As someone who went back to using the glove from a tab I've been more so recently aware of the contrasts of the two.

The tab brings the string closer to the face and under the eye most of the time. I figure that is why many people like those and say they help with accuracy. But in doing that it might hit your face like in your case.

The first things that come to my mind and what I would try would be to try using a deeper hook, as that may move the string just enough out of the way. Or maybe your head/face positioning could be more square with the target? Possibly combining both of those would put the string a safe distance away from your lips and nose too?


----------



## gr4vitas (May 25, 2013)

Arrowzen said:


> As someone who went back to using the glove from a tab I've been more so recently aware of the contrasts of the two.
> 
> The tab brings the string closer to the face and under the eye most of the time.
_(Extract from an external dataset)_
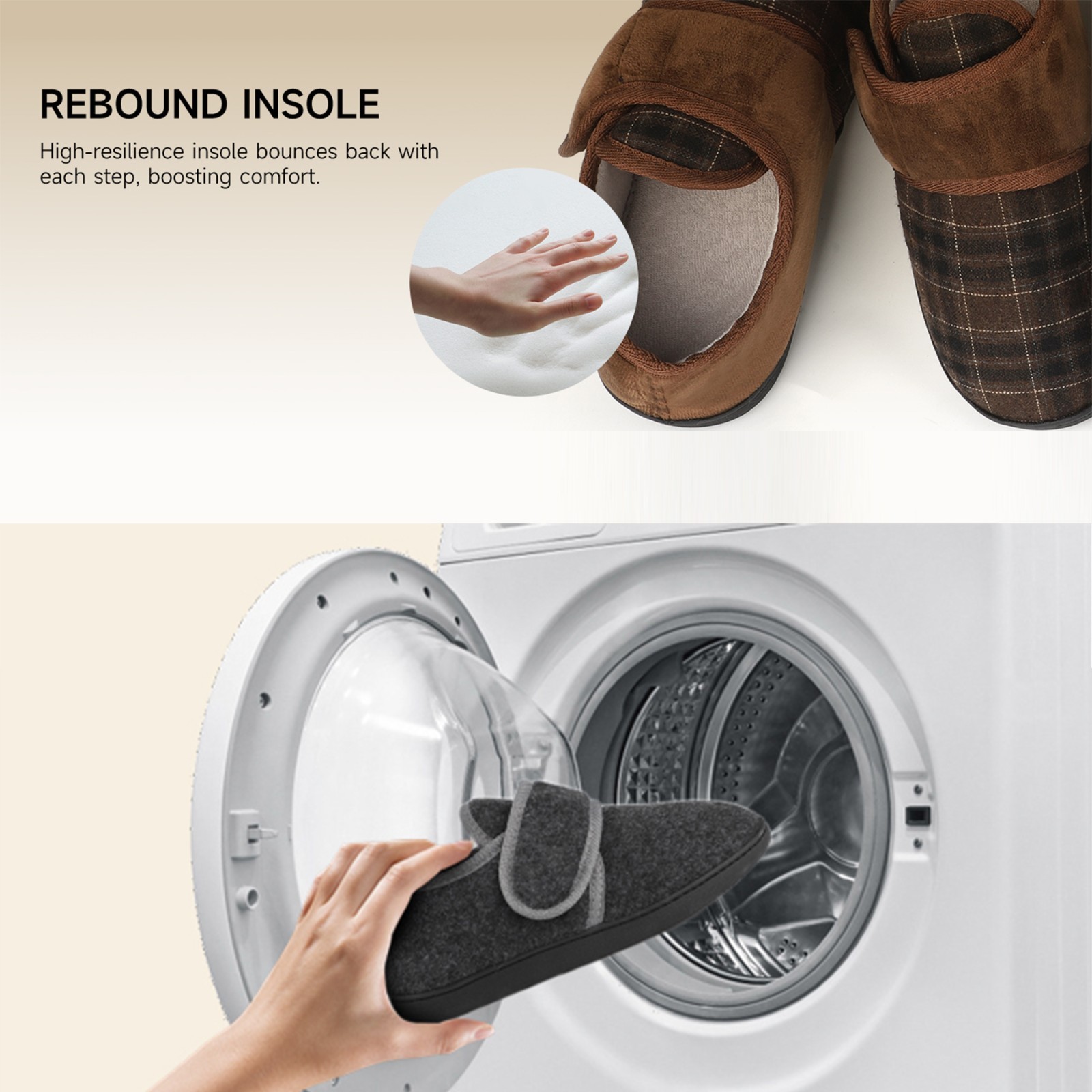 Men’s Winter Slippers Comfortable Felt Slippers Warm Home Shoes Adjustable Shoes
I figure that is why many people like those and say they help with accuracy. But in doing that it might hit your face like in your case.
> 
> The first things that come to my mind and what I would try would be to try using a deeper hook, as that may move the string just enough out of the way. Or maybe your head/face positioning could be more square with the target? Possibly combining both of those would put the string a safe distance away from your lips and nose too?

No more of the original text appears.